Second, Plaintiffs argue that they consistently worked through their lunch breaks but that those hours were not included in their daily time sheets. This is not supported by the record. Plaintiffs offer no evidence to show that "one-half hour to one hour of time was deducted from the technician's daily billing sheet for lunch breaks which they did not get or take, but worked through." R. 118 at 8. Plaintiffs do present evidence that they often worked through lunch, R. 105-2, Weichmann Dep. at 22:19-21, and that "most often time was deducted" from their daily billing sheets for lunches they did not get to take, R. 107-32, Campos Decl. at ¶ 12. But Plaintiffs fail to present any evidence that these hours were deducted on a daily basis or that they worked through lunch on a daily basis. And, the record evidence shows that Plaintiffs did not consistently work through lunch—Plaintiffs admit there were weeks that they had "10 to 15 hours down time" in which "they were required to sit and wait in a customer's driveway" or they were told "to sit in the truck and wait for the next job." R. 107, PSMF, ¶ 107. Surely Plaintiffs found time to take a lunch break during these periods. Even if there were days when Plaintiffs worked through their lunch breaks, the evidence does not support adding an hour of time worked to each day. The jury will need to determine whether lunch hours were excluded from the hourly information provided by Plaintiffs and if they were, the approximate amount of days that Plaintiffs' unused lunch breaks were incorrectly deducted from their daily billing sheets.

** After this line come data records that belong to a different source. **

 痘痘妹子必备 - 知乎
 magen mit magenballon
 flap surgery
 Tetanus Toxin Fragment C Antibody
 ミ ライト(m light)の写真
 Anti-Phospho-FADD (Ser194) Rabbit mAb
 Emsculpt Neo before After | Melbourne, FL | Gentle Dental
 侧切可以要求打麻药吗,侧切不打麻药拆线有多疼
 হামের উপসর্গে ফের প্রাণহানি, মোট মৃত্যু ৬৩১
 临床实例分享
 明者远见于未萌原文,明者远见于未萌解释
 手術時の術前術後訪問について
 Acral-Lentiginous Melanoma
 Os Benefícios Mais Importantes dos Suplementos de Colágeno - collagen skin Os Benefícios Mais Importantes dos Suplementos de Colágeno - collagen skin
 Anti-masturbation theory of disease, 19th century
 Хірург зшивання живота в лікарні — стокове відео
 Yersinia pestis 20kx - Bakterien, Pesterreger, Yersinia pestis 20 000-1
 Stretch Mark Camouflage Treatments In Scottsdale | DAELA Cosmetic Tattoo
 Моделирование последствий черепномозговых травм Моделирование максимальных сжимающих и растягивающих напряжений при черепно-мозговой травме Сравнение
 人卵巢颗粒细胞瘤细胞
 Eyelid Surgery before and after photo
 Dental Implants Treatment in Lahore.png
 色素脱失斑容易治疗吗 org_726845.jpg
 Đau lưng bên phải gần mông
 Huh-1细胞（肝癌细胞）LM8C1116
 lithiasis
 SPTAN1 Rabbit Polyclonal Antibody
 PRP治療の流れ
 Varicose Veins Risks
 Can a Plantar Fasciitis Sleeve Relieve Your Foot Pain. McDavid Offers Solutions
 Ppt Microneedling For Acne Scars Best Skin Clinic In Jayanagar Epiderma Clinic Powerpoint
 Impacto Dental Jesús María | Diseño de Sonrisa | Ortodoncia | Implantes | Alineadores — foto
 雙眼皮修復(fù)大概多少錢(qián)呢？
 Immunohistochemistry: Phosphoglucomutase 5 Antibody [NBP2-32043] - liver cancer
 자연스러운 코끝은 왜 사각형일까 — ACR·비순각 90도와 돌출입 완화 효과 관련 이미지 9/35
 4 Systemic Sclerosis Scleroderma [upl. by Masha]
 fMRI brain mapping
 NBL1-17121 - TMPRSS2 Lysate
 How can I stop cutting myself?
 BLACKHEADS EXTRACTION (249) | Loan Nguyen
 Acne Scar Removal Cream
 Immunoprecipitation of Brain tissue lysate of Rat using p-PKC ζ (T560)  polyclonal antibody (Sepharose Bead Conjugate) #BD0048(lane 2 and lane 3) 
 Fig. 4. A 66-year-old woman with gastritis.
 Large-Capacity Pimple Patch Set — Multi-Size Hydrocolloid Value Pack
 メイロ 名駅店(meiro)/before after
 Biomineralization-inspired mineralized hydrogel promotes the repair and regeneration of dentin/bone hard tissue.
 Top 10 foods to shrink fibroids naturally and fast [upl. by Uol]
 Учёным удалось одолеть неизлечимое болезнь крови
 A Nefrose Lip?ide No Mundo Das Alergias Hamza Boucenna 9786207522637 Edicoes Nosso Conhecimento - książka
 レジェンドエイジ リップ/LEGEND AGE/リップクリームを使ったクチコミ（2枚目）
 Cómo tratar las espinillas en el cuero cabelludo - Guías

Finally, Plaintiffs argue they were not paid for their downtime between jobs. But Plaintiffs admit that start and end stop times for each day were included in the daily worksheets. R. 123, Resp. to PSMF, ¶ 42. Any downtime would have fallen within those start and stop times. Accordingly, these hours will already be included in any overtime calculation based on the daily billing sheets.

Plaintiffs' summary judgment motion asking the Court to find that they should have been paid hourly and that there is no genuine dispute that the above time periods were not included in hours calculations is denied.

2. JOINT EMPLOYMENT

The FLSA mandates that to maintain a claim for overtime compensation, an employer-employee relationship must exist. Ash v. Anderson Merchandisers, LLC, 799 F.3d 957, 961-62 (8th Cir. 2015). An "[e]mployer" includes "any person acting directly or indirectly in the interest of an employer in relation to an employee." 29 U.S.C. § 203(d). "A single individual may stand in relation of an employee to two or more employers at the same time under the [FLSA] . . . since there is nothing in the act which prevents an individual employed by one employer from also entering into an employment relationship with a different employer." 29 C.F.R. § 791.2(a). If the facts show that an employee is jointly employed, then his work for the entire workweek is considered as one employment under the FLSA. Id. "In this event, all joint employers are responsible, both individually and jointly, for compliance with the applicable provisions of the [FLSA], including overtime provisions, with respect to the entire employment for the particular workweek." Id.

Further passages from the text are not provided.